After you've chosen your flowers, it can be hard to find the right words to convey your sympathy in a card. Our editors have put together an extensive list of sympathy messages you can include in your card with flowers for a funeral.
Read on to learn some of the symbolic meanings of popular plants and flowers, and spend time thinking about your choices so that you share just the right message with the arrangement you send.

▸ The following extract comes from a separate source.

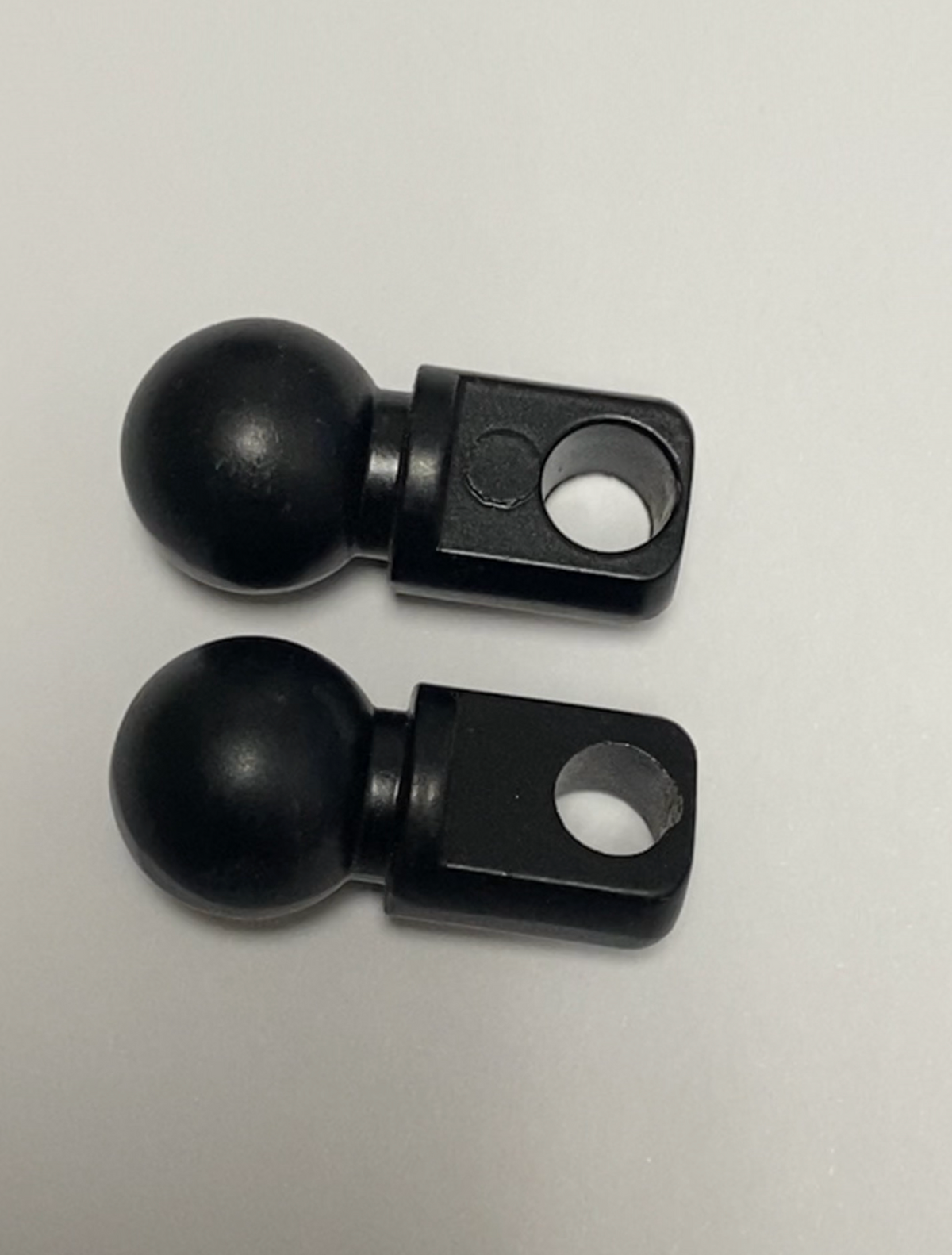 Photo of ATC Side-Winder Series Mirrors by All Terrain Concepts - Premium Mirrors for UTVs / Side by Sides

Funeral and Gravestone Flower Symbolism
Amaryllis: beauty, determination, pride
Anemone: protection, anticipation, and sacrifice
Aster: patience, love, and wisdom
Blue iris: hope and faith
Calla lily: faith, purity, and holiness
Camellia: love and devotion
Chamomile: patience and fidelity
Chrysanthemum: white chrysanthemums can represent sorrow or devotion; meaning varies from culture to culture
Crimson rose: mourning and sorrow
Daffodil: rebirth and hope
Daisy: innocence, purity, and happiness
Fern: sincerity and humility
Gardenia: purity and sweetness
Gladiolus: strength and integrity, remembrance and honor
Hyacinth: forgiveness and devotion
Hydrangea: honesty and gratitude, amends and understanding
Ivy: loyalty, faithfulness, friendship
Larkspur: first love, openheartedness
Lavender: devotion, admiration, and beauty
Lilac: innocence, tranquility, and charity
Lily: purity and beauty
Lily-of-the-valley: chastity and sweetness
Magnolia: nobility, endurance, perseverance
Marigold: grief and remembrance; associated with Day of the Dead
Morning glory: affection and friendship
Orchid: love, beauty, and strength
Pansy: sincerity and thoughtfulness
Peony: honor and compassion
Pink carnation or rose: appreciation
Poppy: consolation and remembrance; connected specifically to the remembrance of World War I
Purple iris: wisdom and royalty
Rosemary: remembrance; the use of this herb dates back to burial practices in ancient Egypt and Rome
Red carnation or rose: love and affection; a dark red rose symbolizes grief and sorrow
Rue: sorrow and repentance
Sunflower: adoration and loyalty
Tulip: confidence, affection, and enduring love
Yellow carnation or rose: friendship and gratitude
White iris: purity and faith
White carnation or rose: purity, innocence, and sympathy
Violet: devotion, faithfulness, and friendship
Zinnia: friendship, remembrance, and goodness
What are your most-loved flowers? Do you have special arrangements for the graves of loved ones who have passed?